EXERCISE REQUIREMENTS:
Could you copy exactly the lines below from the one with "TV (HDMI ARC) jungtis" to the one with "Ancient China Timeline Resource Pack", inclusive, leaving out any pictures?

DATA RECORDS:
──────

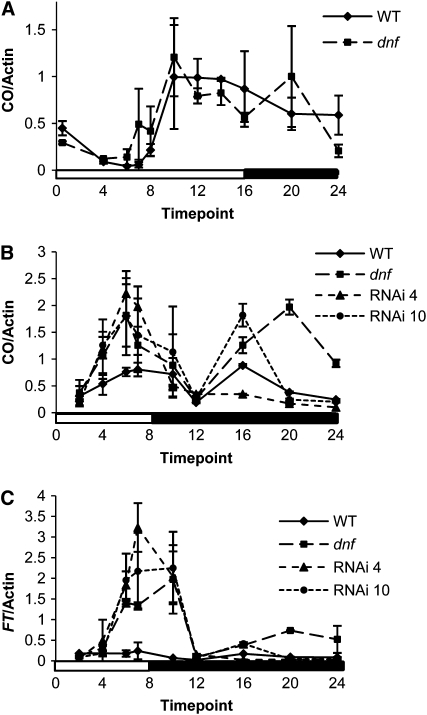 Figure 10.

──────

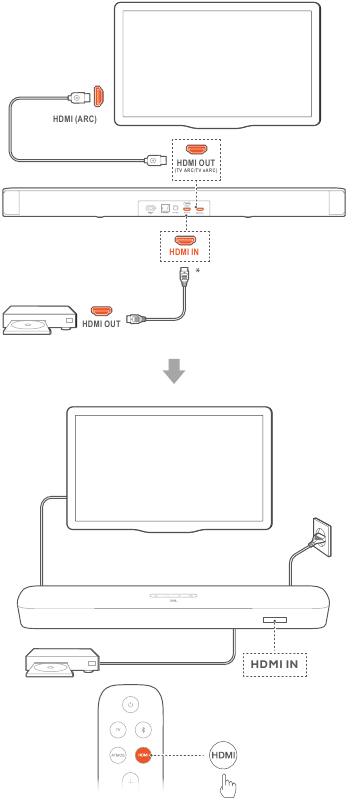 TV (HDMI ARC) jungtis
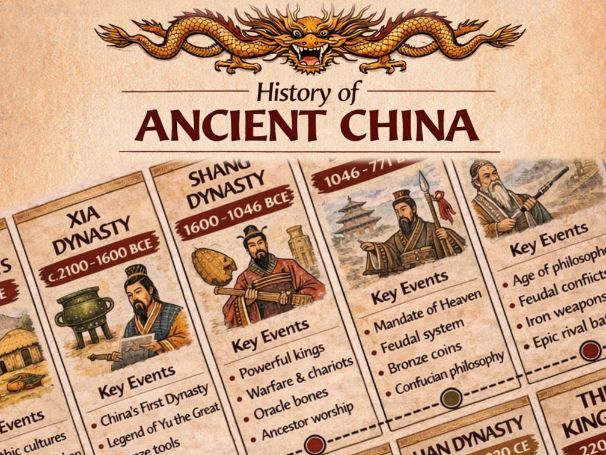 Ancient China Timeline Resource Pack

──────

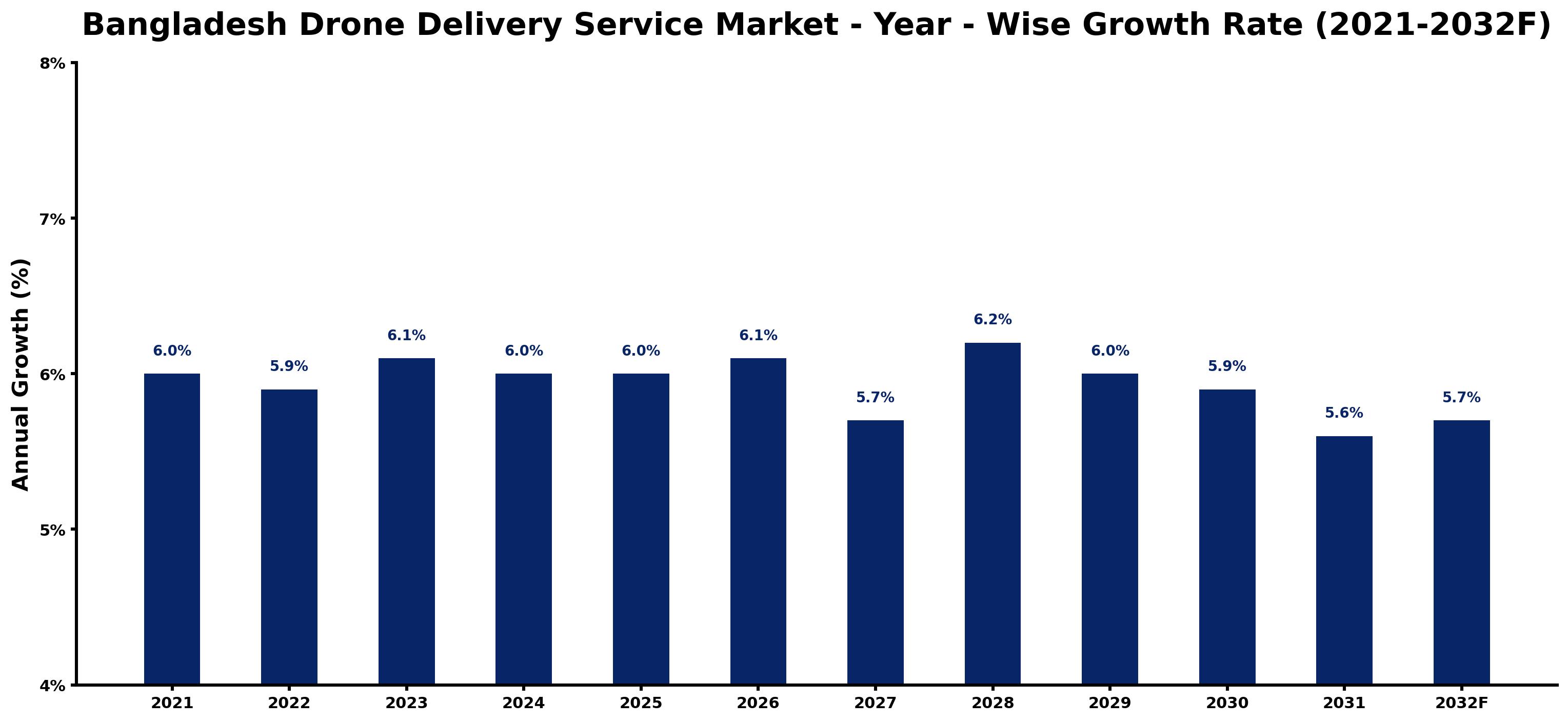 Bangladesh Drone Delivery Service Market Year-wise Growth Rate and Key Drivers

──────

ANSWER AREA:
 TV (HDMI ARC) jungtis
 Ancient China Timeline Resource Pack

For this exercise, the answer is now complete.